Rescaling Data in R

G23rd September 2019

TR

A simple methodology for rescaling multiple series of data via min-max normalisation in R, then plotting.

Recently I had to work with a set of colour information data extracted from some photographs. The software programme I used extracted colour frequency data for the RGB (Red, Green, Blue), HSV (Hue, Saturation, Value) and L*a*b (Lightness, Green-Magenta, Blue Yellow) channels and recorded them in a CSV file with the following structure:

barcode date line treatment trait value label
B2018010t0c00n153 5/09/2019 0 0 blue_frequencies 0 0
B2018010t0c00n153 5/09/2019 0 0 blue_frequencies 0 1
B2018010t0c00n153 5/09/2019 0 0 blue_frequencies 1 2
B2018010t0c00n153 5/09/2019 0 0 blue_frequencies 8 3
B2018010t0c00n153 5/09/2019 0 0 blue_frequencies 32 4
n …255

The trait attribute describes the channel that was being measured (so in the above case blue_frequencies is the blue channel from the RGB colour model). The trait column contained nine different descriptors:

• blue-yellow_frequencies (b)
• blue_frequencies (B)
• green-magenta_frequencies (a)
• green_frequencies (G)
• hue_frequencies (H)
• lightness_frequencies (L)
• red_frequencies (R)
• saturation_frequencies (S)
• value_frequencies (V)

For each of these, the label column contained a numeric value for frequency whilst the value column contained a count of the number of pixels in the image that were measured at that frequency within the named colour model.
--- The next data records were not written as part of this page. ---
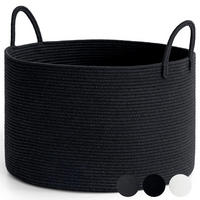 WÄSCHEKORB geflochten 55 x 35 cm Schwarz - Schwarz, Textil (55/35/55cm)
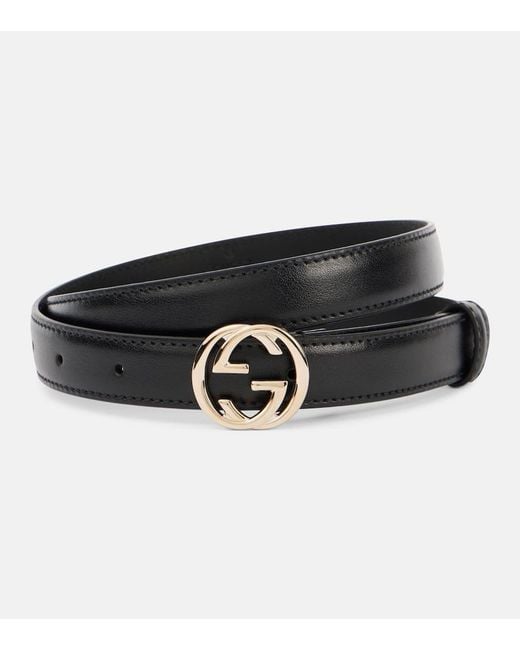 Cinturon Interlocking G De Piel Gucci de color Black
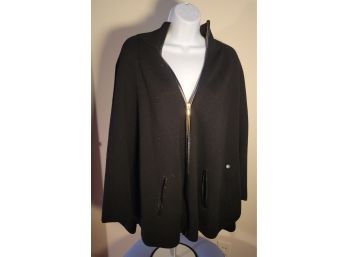 Lord And Taylor Black  With Gold Zip Up Capelet Size S/m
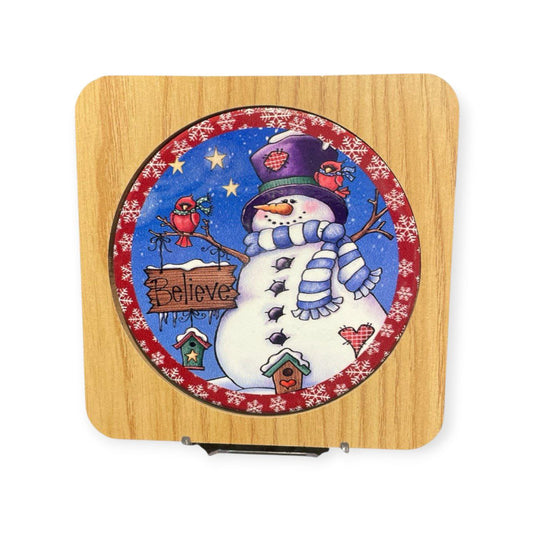 Ceramic coaster with wooden frame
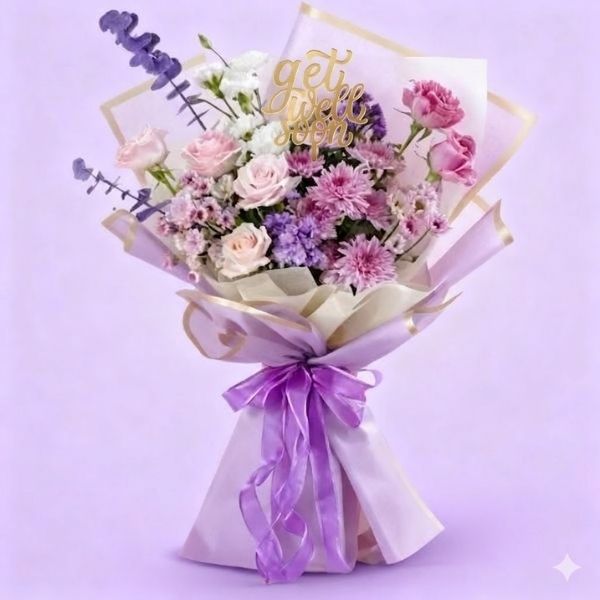 Lavender Bliss Pastel Flower Bouquet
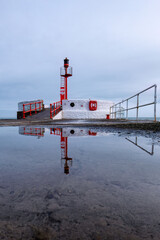 Looe pier looking out to sea Cornwall UK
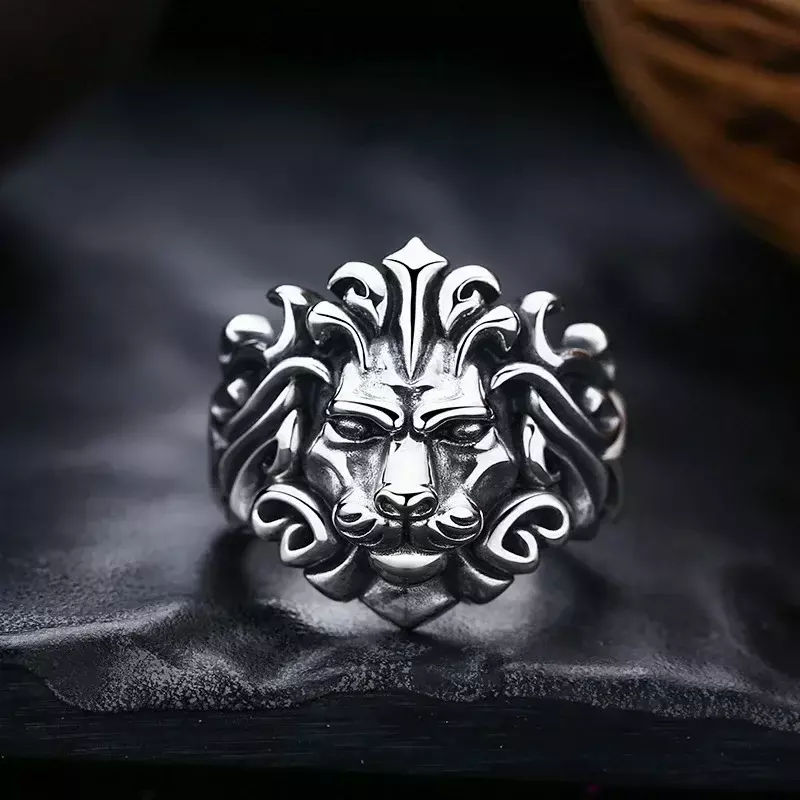 New Aggressive Lion Head S925 Sterling Silver Open Men's Ring Gifts Boyfriend European And American Charm Personality Punk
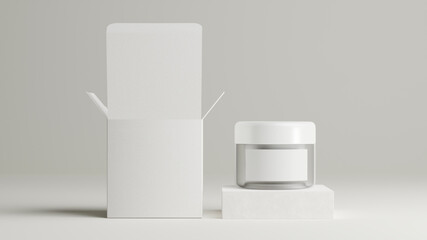Minimal white cosmetic cream jar mockup on white background.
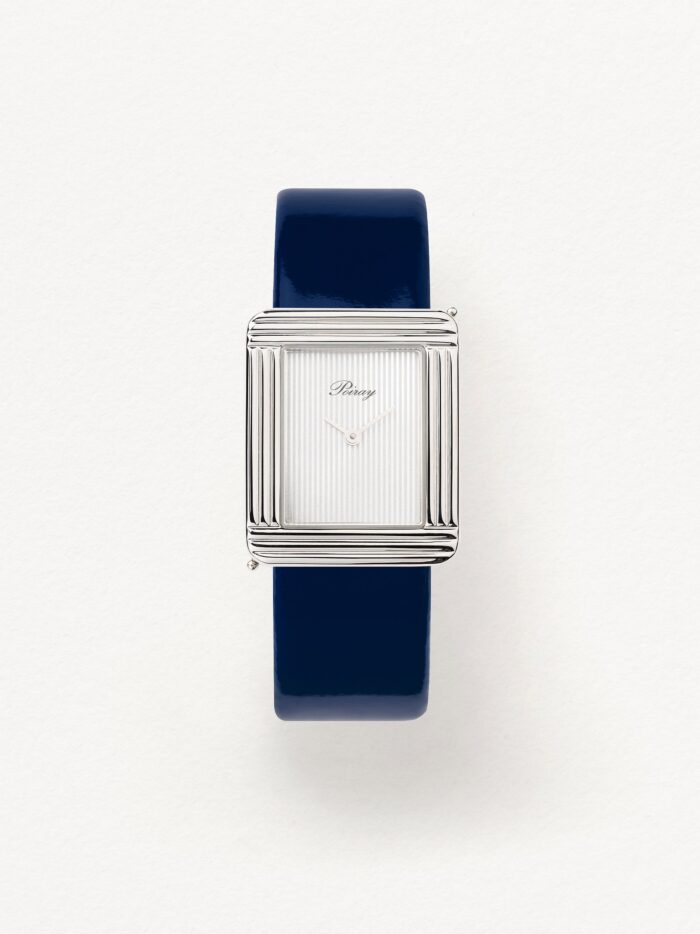 Bracelet Montre Poiray Cuir Veau Vernis Bleu Marine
My aim was to graph all nine histograms on a single plot in R. The problem was that the different colour models were all using different scales:

• The RGB model has a scale between 0 and 255 for red, green and blue.
• The L*a*b model has a scale between -128 and 128 for blue-yellow, green-magenta and lightness.
• The HSV model has a scale between 1 and 359 for hue and 0 and 100 for saturation and value.

Clearly plotting these on the same chart would result in a histogram that was very messy and difficult to read:

The solution was to rescale the data using a normalisation calculation to place all the values into bins. The mathematics for this is as follows:

$x’=a +{(x-min(x))(b-a)\over(max(x)-min(x))}$

where x is the original value (label), x’ is the normalised value, a is the desired minimum value and b is the desired maximum value. Since I wanted to bin my values between 0 and 255, a=0 and b=255.
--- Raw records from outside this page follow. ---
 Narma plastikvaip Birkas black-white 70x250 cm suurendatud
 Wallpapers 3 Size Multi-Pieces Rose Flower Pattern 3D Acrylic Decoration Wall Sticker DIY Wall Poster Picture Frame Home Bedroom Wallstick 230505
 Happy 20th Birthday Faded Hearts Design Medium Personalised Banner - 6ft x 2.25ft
To achieve the same result, the equation can be simplified:

$x’={(x-min(x))\over(max(x)-min(x))}\times255$

Normalising the data in R

The real challenge was to translate this equation into R code. Here’s how I did it using the dplyr package:

My table of values were loaded into a data frame called “table1”. From this, made a new data frame (called “table2”) that contained the new series of transformed data that I generated using the mutate function:

library(dplyr)
table2 <- table1 %>% group_by(trait) %>% mutate(bin = (label - min(label)) / (max(label) - min(label)) * 255)

The new column of data was listed in a column called bin.

Unfortunately some of the bin values were decimals and I wanted my values to be integers between 0 and 255. This was easy to fix with a round function:

table2 <- table1 %>% group_by(trait) %>% mutate(bin = round((label - min(label)) / (max(label) - min(label)) * 255, 0))

Next, I added bin as a variable:

bin_value <- table2\$bin

Next, I could use the ggplot2 package to plot my histograms:

library(ggplot2)
ggplot(table2) + geom_line(aes(x = bin_value, y = value, color = trait))

The final result (with more elaborate ggplot2 code*):

The data series can easily be exported into a new CSV for further statistical analysis using the following command:

write.csv(table2,"c:\path\to\results.csv", row.names = TRUE)

Importing large CSV files

CSV files of this sort can be massive and take a long time to load into R. A good tip for quickly importing large CSV files is to use the data.table package:

library(data.table)
my.data <- fread("c:/path/to/my_data.csv", data.table=FALSE)

*The ggplot2 code

Making pretty graphs with ggplot2 is a bit of an art. Here’s the code that I used:

ggplot(table2) + geom_line(aes(x = bin_value, y = value, color = trait), size=1.1) + labs(x="Bins", y="Pixels") + theme(axis.text.x = element_text(angle = 0, vjust = 0.2, hjust = 0.0, size=12), axis.text.y = element_text(size=12), axis.title.x = element_text(size=12, face="bold"), axis.title.y = element_text(size=12, face="bold"), title = element_text(size=12)) + scale_x_continuous(breaks = seq(min(bin_value), max(bin_value), by = 25)) + scale_color_manual(name="Colour Channel", labels = c("Blue-Yellow [b]", "Blue [B]", "Green-Magenta [a]", "Green [G]", "Hue [H]", "Lightness [L]", "Red [R]", "Saturation [S]", "Value [V]"), values=c("gold2", "royalblue2", "magenta", "springgreen4", "purple4", "ivory4", "red2", "darkturquoise", "gold4"))